According to the United Nations Economic and Social Commission for Asia and the Pacific, “governance” means the process of decision-making and the process by which decisions are implemented (or not implemented). In recent times, many governments, NGOs and other organizations have come under fire for poor governance. And more than a handful of regulators have called out “bad governance” as the root of all organizational evil (recall the 2008 financial institution crisis). In SMEs and not-for-profits, good governance includes placing focus on making decisions effectively that are sound, honest, defensible and, to some extent, transparent.  A good basis for sound decision-making is having good policies and procedures in place so that everyone knows what is expected of them, and what processes to follow to ensure that decisions are sound, honest, defensible and transparent.

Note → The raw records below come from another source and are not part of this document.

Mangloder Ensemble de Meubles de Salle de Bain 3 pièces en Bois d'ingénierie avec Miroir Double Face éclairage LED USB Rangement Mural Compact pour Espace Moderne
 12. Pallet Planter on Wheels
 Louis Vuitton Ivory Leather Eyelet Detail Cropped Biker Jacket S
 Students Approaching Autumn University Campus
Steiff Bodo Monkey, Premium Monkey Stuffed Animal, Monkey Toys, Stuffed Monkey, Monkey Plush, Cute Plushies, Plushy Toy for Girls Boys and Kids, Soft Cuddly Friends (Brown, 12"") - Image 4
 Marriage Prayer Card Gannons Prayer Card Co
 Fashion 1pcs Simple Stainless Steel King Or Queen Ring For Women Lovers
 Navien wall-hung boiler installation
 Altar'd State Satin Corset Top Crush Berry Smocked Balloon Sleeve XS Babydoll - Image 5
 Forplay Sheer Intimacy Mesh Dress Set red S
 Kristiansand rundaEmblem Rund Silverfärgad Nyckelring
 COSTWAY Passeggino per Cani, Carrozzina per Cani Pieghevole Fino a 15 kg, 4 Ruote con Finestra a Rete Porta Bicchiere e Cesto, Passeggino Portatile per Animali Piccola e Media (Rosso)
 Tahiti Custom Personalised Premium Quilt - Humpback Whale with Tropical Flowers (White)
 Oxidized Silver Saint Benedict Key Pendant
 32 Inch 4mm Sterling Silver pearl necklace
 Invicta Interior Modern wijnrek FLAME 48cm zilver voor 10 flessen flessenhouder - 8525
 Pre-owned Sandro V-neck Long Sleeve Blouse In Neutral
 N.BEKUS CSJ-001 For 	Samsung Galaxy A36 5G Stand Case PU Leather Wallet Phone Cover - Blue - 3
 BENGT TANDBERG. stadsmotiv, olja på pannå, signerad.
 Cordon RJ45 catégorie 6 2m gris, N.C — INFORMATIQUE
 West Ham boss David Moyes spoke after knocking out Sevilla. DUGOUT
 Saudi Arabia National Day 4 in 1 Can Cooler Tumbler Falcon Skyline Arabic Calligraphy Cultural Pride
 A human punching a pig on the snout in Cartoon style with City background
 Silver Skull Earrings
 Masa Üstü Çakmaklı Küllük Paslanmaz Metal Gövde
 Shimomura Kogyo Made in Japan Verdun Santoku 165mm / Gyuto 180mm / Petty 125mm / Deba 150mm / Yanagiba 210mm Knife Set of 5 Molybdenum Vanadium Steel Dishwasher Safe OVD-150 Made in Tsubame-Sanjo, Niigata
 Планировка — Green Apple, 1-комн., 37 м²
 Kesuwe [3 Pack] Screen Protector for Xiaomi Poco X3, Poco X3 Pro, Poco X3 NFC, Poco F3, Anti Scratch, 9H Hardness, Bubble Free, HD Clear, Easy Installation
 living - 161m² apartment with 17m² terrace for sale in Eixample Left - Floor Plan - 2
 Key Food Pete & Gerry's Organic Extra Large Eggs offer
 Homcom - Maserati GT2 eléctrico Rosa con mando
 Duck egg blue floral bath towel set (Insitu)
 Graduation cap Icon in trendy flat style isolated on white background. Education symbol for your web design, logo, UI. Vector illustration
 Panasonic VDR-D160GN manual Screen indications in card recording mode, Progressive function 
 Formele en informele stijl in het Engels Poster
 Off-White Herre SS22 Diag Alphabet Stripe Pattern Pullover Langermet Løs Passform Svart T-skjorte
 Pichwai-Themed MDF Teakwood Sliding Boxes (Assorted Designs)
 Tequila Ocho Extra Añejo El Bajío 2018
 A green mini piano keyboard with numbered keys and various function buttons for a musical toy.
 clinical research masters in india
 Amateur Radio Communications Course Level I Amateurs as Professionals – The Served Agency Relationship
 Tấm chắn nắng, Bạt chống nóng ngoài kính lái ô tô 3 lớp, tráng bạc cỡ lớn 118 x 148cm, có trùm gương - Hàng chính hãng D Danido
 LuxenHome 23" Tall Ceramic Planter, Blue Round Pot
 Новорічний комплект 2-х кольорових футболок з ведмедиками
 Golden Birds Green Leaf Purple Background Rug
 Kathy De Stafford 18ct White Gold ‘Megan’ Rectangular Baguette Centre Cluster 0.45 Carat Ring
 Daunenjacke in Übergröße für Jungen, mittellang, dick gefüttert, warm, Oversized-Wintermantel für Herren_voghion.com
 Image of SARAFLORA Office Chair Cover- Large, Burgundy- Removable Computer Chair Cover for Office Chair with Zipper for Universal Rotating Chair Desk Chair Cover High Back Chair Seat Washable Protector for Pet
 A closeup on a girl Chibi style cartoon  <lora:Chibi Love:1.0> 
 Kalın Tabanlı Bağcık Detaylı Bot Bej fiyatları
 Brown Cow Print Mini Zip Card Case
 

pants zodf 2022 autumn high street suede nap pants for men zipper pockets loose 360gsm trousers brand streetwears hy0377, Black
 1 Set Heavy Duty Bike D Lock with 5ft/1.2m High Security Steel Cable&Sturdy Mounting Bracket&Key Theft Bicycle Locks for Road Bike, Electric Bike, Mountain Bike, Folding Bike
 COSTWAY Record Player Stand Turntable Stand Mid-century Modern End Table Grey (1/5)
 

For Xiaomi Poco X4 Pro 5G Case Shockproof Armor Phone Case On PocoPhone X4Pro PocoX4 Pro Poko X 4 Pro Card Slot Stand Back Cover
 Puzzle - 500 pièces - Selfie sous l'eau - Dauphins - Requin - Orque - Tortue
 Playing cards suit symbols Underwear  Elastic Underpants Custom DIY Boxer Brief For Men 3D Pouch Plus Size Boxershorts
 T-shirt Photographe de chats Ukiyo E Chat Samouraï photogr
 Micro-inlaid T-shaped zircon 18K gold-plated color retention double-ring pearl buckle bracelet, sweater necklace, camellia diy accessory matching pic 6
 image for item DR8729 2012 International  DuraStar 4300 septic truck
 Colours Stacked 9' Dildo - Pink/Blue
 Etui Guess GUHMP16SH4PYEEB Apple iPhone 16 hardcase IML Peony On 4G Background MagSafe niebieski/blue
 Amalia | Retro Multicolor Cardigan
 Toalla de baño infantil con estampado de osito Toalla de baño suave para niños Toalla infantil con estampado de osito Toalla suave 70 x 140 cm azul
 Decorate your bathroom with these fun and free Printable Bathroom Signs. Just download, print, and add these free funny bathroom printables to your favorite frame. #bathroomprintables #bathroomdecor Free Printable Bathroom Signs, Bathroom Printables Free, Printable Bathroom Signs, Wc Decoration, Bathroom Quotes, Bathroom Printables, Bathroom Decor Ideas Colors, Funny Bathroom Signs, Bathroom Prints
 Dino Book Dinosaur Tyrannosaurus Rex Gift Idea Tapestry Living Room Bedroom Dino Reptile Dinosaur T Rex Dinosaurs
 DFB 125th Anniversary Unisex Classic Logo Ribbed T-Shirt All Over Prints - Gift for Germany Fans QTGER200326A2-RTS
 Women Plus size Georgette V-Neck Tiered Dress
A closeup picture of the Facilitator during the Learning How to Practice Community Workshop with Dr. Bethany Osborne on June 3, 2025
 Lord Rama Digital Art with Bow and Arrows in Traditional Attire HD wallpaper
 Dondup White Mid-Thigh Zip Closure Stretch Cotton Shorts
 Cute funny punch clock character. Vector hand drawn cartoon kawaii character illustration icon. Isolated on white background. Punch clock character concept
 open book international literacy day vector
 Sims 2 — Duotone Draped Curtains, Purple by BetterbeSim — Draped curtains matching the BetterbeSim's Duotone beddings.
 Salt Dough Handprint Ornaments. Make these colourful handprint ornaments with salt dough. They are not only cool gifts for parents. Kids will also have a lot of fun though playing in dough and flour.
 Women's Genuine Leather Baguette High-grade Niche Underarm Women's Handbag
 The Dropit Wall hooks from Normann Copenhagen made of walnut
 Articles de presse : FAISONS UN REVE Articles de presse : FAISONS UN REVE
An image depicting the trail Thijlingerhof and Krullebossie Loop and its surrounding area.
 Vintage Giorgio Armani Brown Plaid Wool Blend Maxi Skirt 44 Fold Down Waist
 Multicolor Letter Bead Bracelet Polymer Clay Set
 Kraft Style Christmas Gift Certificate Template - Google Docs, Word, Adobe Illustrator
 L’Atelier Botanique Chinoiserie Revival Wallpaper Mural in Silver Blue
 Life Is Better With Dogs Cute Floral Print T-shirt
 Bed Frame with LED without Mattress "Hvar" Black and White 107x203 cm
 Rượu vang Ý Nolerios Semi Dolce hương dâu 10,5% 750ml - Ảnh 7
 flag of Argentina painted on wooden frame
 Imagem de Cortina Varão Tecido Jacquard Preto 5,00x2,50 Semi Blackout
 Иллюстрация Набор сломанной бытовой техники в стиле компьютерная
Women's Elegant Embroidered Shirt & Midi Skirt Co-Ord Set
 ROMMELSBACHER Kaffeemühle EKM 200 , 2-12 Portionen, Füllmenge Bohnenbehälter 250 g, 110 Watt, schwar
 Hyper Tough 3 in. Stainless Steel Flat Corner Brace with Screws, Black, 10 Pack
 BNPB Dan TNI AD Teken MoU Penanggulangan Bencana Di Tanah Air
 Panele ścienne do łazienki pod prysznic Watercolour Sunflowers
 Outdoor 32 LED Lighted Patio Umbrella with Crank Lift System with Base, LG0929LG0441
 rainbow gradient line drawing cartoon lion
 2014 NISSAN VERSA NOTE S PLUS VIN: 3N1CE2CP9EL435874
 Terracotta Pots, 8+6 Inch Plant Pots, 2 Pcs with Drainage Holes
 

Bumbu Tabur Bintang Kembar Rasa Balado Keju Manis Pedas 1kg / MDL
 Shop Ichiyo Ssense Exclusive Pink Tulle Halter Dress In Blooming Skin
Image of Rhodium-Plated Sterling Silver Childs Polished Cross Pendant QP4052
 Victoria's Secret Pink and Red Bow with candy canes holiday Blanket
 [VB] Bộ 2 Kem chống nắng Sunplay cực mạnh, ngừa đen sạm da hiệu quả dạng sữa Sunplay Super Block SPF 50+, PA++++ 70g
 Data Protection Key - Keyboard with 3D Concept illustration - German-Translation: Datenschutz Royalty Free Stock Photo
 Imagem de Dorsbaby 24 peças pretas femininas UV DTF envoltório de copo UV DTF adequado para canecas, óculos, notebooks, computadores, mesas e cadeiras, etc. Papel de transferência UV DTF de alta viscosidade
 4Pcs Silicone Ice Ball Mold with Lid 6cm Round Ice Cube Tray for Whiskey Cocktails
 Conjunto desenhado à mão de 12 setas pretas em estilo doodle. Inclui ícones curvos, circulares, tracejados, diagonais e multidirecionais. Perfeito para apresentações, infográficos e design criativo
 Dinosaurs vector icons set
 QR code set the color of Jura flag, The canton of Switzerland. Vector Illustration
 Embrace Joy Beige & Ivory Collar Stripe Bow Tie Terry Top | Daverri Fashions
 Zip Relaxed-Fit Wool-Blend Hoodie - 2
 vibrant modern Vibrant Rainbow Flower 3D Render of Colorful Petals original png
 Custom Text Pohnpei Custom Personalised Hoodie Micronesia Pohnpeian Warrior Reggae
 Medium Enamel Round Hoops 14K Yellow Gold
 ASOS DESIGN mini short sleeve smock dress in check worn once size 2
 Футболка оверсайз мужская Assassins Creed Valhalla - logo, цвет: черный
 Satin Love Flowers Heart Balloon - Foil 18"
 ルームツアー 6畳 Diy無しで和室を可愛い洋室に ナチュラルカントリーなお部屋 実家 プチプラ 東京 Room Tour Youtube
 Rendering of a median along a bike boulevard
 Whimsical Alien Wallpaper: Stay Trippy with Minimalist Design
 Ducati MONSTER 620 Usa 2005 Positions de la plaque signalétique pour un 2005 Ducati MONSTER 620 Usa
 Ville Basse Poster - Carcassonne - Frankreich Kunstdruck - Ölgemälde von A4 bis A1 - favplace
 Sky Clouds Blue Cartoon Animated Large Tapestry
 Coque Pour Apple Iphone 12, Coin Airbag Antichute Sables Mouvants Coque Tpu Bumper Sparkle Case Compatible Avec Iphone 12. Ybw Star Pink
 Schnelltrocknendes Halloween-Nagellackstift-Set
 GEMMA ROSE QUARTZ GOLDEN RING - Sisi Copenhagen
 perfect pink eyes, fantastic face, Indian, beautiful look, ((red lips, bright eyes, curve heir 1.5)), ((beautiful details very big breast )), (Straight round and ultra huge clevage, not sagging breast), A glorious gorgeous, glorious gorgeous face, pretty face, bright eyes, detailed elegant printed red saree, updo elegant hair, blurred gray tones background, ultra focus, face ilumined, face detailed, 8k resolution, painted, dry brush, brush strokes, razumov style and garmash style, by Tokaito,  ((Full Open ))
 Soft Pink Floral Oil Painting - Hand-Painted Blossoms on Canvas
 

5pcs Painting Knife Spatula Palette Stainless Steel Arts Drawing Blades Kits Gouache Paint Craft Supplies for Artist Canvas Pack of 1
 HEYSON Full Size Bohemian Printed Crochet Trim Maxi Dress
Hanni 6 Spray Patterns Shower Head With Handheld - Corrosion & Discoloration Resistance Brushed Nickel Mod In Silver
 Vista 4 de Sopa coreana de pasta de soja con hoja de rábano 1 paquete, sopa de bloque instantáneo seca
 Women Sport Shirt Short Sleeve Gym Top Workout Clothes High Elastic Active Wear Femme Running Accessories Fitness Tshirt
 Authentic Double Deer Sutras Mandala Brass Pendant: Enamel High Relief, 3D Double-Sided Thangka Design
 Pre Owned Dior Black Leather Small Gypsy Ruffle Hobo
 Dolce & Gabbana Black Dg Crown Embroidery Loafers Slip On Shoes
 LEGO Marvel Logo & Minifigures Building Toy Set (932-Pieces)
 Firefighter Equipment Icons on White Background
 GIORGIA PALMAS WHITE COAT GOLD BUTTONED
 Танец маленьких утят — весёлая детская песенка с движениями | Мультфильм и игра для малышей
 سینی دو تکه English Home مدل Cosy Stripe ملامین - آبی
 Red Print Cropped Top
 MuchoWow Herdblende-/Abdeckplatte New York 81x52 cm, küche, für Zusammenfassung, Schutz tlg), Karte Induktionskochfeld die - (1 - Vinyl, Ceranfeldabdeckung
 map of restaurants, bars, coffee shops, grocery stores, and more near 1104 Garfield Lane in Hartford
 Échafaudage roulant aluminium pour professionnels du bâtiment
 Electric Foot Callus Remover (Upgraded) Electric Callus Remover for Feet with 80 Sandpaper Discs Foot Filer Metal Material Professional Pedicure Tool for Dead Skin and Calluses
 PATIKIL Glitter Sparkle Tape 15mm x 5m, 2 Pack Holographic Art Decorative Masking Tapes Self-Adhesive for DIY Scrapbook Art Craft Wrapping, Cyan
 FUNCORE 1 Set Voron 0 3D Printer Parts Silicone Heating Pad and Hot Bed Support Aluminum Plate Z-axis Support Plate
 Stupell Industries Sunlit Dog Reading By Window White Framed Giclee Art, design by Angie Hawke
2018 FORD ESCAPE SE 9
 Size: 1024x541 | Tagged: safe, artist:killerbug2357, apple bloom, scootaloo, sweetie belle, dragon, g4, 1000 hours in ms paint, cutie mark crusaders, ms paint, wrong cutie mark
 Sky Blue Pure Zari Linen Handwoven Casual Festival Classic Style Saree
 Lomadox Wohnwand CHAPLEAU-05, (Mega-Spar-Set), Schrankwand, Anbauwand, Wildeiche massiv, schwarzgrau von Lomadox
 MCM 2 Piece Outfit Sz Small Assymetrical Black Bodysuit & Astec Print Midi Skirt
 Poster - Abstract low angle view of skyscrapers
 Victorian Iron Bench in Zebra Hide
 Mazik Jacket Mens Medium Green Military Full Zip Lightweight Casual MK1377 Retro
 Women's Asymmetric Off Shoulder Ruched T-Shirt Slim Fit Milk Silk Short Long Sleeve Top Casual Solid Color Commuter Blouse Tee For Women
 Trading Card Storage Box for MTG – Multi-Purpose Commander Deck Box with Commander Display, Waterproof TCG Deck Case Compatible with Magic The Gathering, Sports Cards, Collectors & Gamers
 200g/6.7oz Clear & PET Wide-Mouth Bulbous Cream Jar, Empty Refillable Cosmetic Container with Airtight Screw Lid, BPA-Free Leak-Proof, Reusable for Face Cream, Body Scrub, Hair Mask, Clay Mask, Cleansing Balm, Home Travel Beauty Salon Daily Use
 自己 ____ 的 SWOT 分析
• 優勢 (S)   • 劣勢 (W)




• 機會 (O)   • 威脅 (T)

Good governance practices begin at the Board level in any organization. If the Board is not making sound decisions based on good, high quality and honest information, then it’s ability to take successful actions is compromised. It is common for Boards today to have a governance policy that covers the following areas in detail:

  • the roles and responsibilities of the Board, its officers and committees;
  • the manner in which the board exercises its authority;
  • the responsibilities and authority of its managing person (Executive Director, President, etc.);
  •  the relationship between the Board and its senior management team; and
  • the general principles that will guide its governance practices.

One of the most important areas where governance is key is financial management. While it is important for Board members to stay up-to-date on the activities going on in the organization, it is especially important that they are fully conversant in financial terminology, be able to read and understand complex financial reports and statements and be aware of their potential personal liability if everything is not in order. While it is not acceptable for a Board to micromanage the daily accounting processes, individual Board members must stay on top of the organization’s financial health and activities. This is often accomplished through the use of a financial management governance policy that states clearly  what the organization will do in the areas of budgeting, regular reporting, auditing practices and authority for requisitioning, spending and financial reporting. It will also clearly set out the expectations for signing authorities for the organization.